The curse breaker has returned.
Former Red Sox general manager Theo Epstein is back in Boston's front office, but not as an employee — as an owner. Epstein has purchased a stake in Fenway Sports Group and will join John Henry and Tom Werner in the conglomerate.
The Brookline High School grad doesn't just join the Red Sox upon his return, but the rest of FSG's investments, such as Liverpool FC, the Pittsburgh Penguins, and the latest PGA Tour endeavor. Epstein will serve as a senior advisor for the group across all its investments.
On the morning of Feb. 2, WEEI's Rob Bradford said that a move was "brewing" for the Red Sox. Just hours after the Orioles acquired Corbin Burnes from the Brewers, fans were likely expecting a signing or trade. Bradford was referring to Epstein's return to the club, and despite not getting what it initially wanted, Red Sox Nation perked up a bit after the fourth straight offseason of disappointment.
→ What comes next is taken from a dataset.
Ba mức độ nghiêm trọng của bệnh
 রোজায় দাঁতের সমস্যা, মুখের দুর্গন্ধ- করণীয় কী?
Contrary to Henry and Werner, Epstein is known for making hard decisions that have ended well for Boston — trading Nomar Garciaparra to receive Bill Mueller and Curt Schilling is chief among them. Rather than dropping a fan-favorite player just to save money, which Henry and Werner have been all too happy to do in recent years (Mookie Betts, Xander Bogaerts, Justin Turner), it feels like Epstein actually has the Red Sox's best interest in mind. Despite not being a top decision-maker for the club, he may be able to bring some attention back to Henry and Werner's neglected first-born child, the Red Sox.
Theo Epstein reunites with the Red Sox and Craig Breslow
The 50-year-old has more than just one experience breaking a curse. The Cubs hadn't won a World Series from 1908 to 2016 — a malediction over 20 years longer than Boston's Curse of the Bambino. The same year Epstein signed an extension with the Cubs, the curse was broken and the Cubs won the 2016 World Series.
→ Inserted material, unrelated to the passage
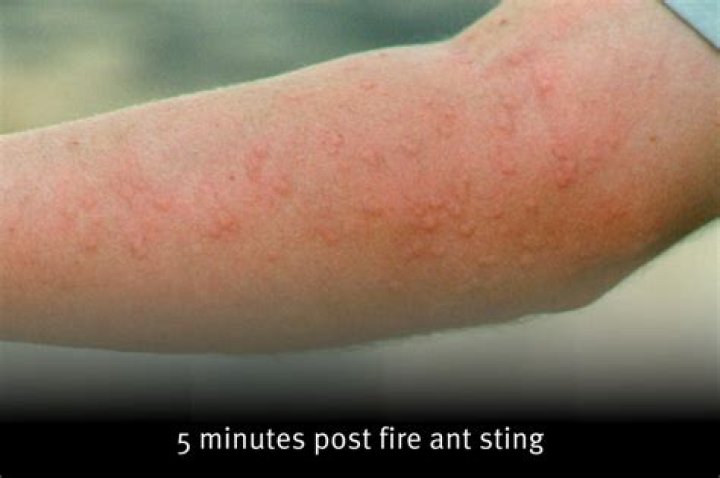 Why do fire ant bites turn into pimples?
Epstein and the second-newest addition to the front office, chief baseball officer Craig Breslow, already have a positive relationship. During his tenure as Cubs president, Epstein hired Breslow as the team's director of strategic initiatives. He sent Breslow to Boston this offseason with his vote of confidence: “I’m a full believer in him and what he and his team are going to mean for the Red Sox.”
From the outside, Epstein is a welcome addition to FSG. After a winter of watching Werner make promises he couldn't keep — some would argue he outright lied — and Sam Kennedy telling Sox fans they're "liars" if they don't believe Boston is trying to be competitive, a more eloquent and trusted voice was needed to bring back trust in FSG.
Could the Red Sox's fortunes be changing with Epstein back in the fold? We'll wait and see what moves follow before jumping to conclusions.